Happily, Emily is and stays a strong character, and she grows above herself: without Richard, and not finding anymore a meaning in the life she had lead up till now, she sells everything, then moves to Nantucket, accompanied by her last maid and her entire family. She also starts working as a very effective guide in a museum. Watching her explain how whales were earlier hunted, makes one think, that should the 9th season really come, Emily would emerge a fierce, decisive environmentalist.
Amazingly, Lorelei and Luke are still not married, the issue of Lorelei’s inability to commit is obviously again on the menu, as it was in the 6th season, but not anymore at the end of the 7th.
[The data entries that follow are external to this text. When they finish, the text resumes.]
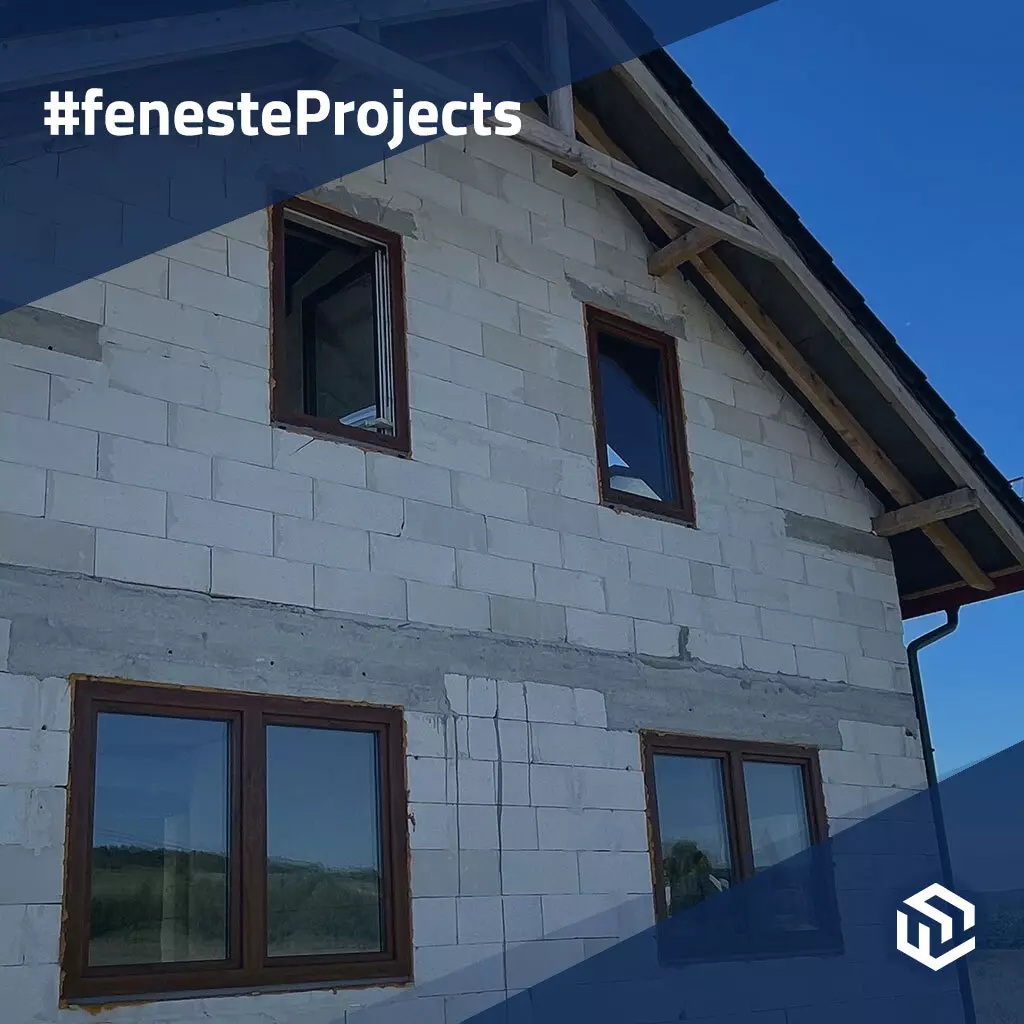 Une maison dans la prairie aux fenêtres en chêne doré projets une-maison-unifamiliale-phenomenale-avec-dimmenses-fenetres    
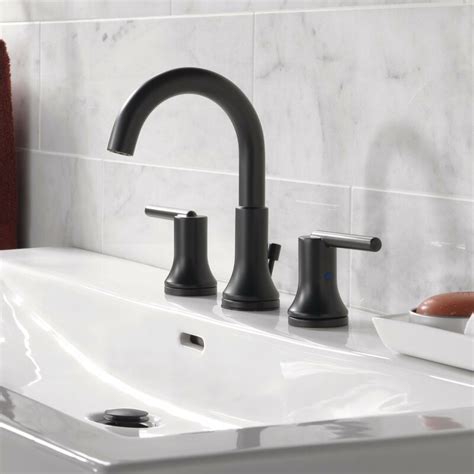 Delta Trinsic® Bathroom Widespread Bathroom Faucet With Drain Assembly And Diamond Seal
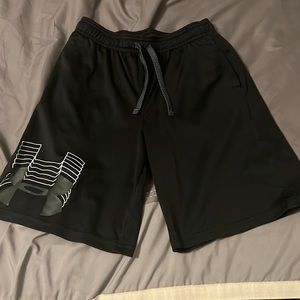 Boys XL Under Armour Shorts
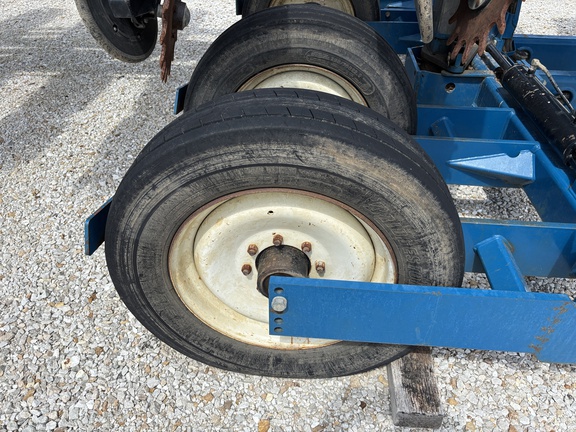 https://photos.machinefinder.com/28/10814928/75073379_large_48800.jpg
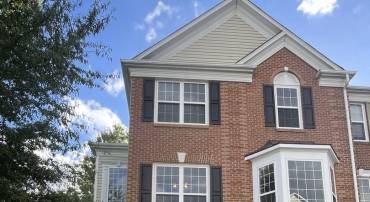 13975 TANNERS HOUSE WAY, CENTREVILLE, Virginia 20121, 4 Bedrooms Bedrooms, ,3 BathroomsBathrooms,Residential,For sale,13975 TANNERS HOUSE WAY,VAFX2274702 MLS # VAFX2274702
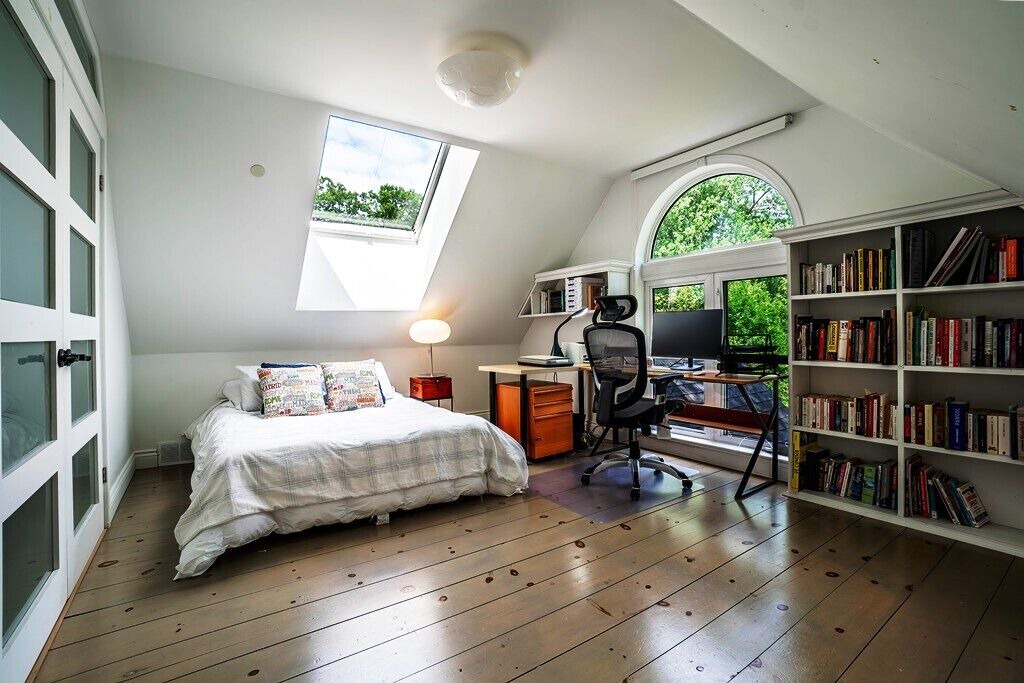 Photo of Bedroom in Boisbriand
Mainly this is what made me think that the authors wanted to make their own voice heard, more than to pick up the thread let fallen at the end of the last season.
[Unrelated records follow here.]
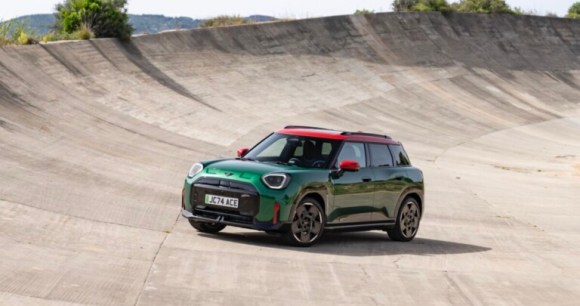 Mini dégaine deux nouvelles voitures électriques toujours plus puissantes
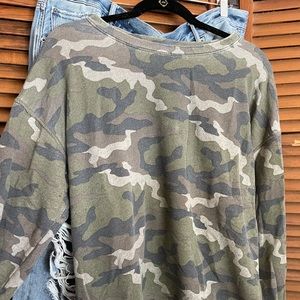 American Eagle camo crew neck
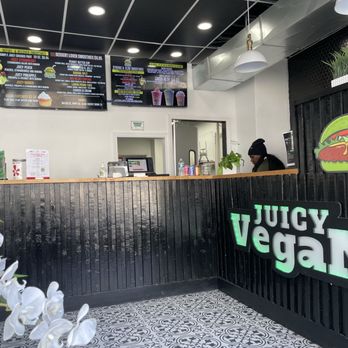 Juicy Vegan - Ordering counter - Vegan Near Me - Cleveland, Ohio Juicy Vegan - Ordering counter - Vegan Near Me - Cleveland, Ohio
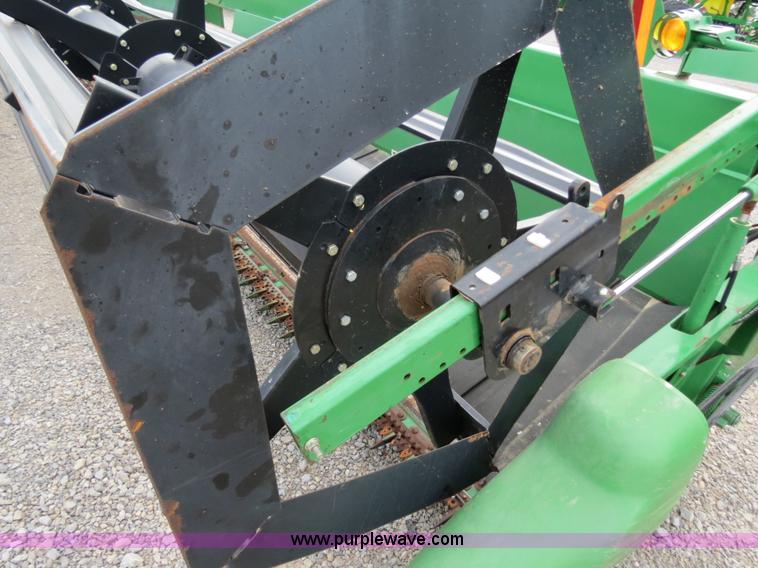 image for item B2287 2000 John Deere 936D 36' draper head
We could speculate that due to some accents in the last episode, Jess not being over Rory, Rory being pregnant, Sooky maybe coming back, Michel not leaving, Lorelei buying an additional hotel and expanding, a 9th session might be on his way. But I don’t think so, and I sadly mean, it’s probably for the best.
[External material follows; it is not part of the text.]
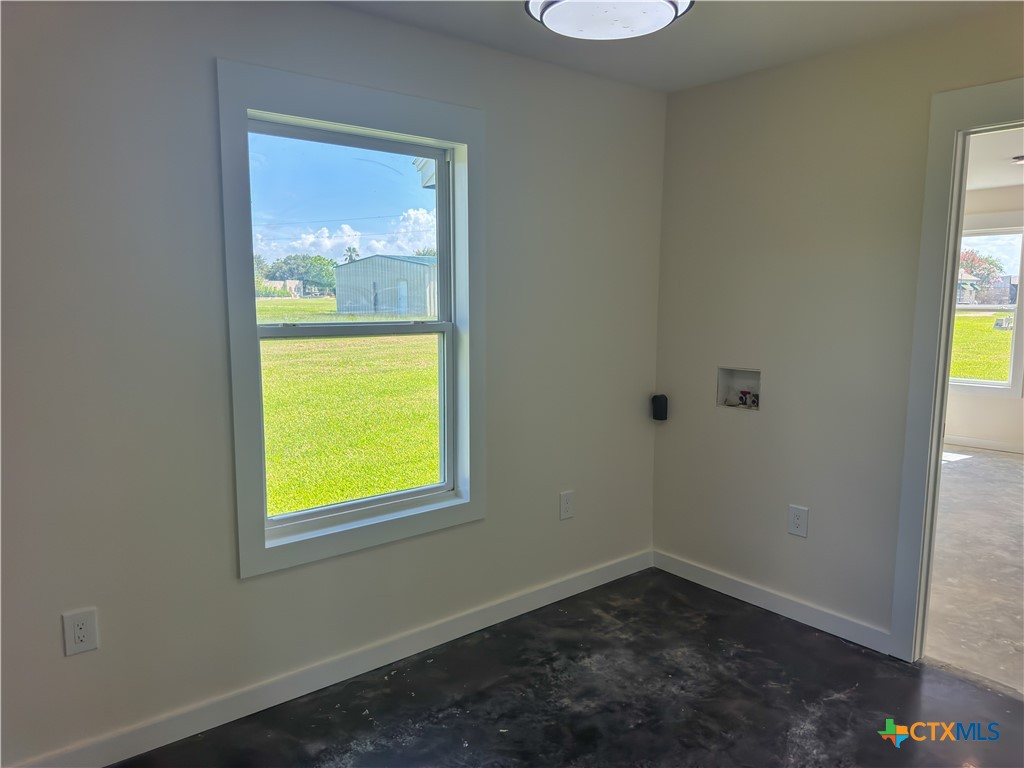 285 Private Road 3190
Have I expected all main characters to emerge 100% successfully and happy?
Not necessarily. I rather think that what most of the fans have waited, was a resurrection of the funny, light, pink-like-frosting-y dialogs, unexpected situations like Kirk running naked in the night and landing on thorns of roses, and intense, powerful moments like in that 6th season episode, where all the Gilmores, on a Friday night dinner, explain themselves to each other. A revival of an inexistent, colorful world, inhabited by witty, gifted, attractive, sweet, freaky characters, on a background of an everlasting picturesque Connecticut-Christmas-y, shabby-chic-y surroundings. Some setbacks welcomed, but not so much, not so bad, and not irreversible. Hey, we knew that much of it was hard to believe, but we loved it, and it warmed our hearts and made us smile, and for that, we prayed again or didn’t we all?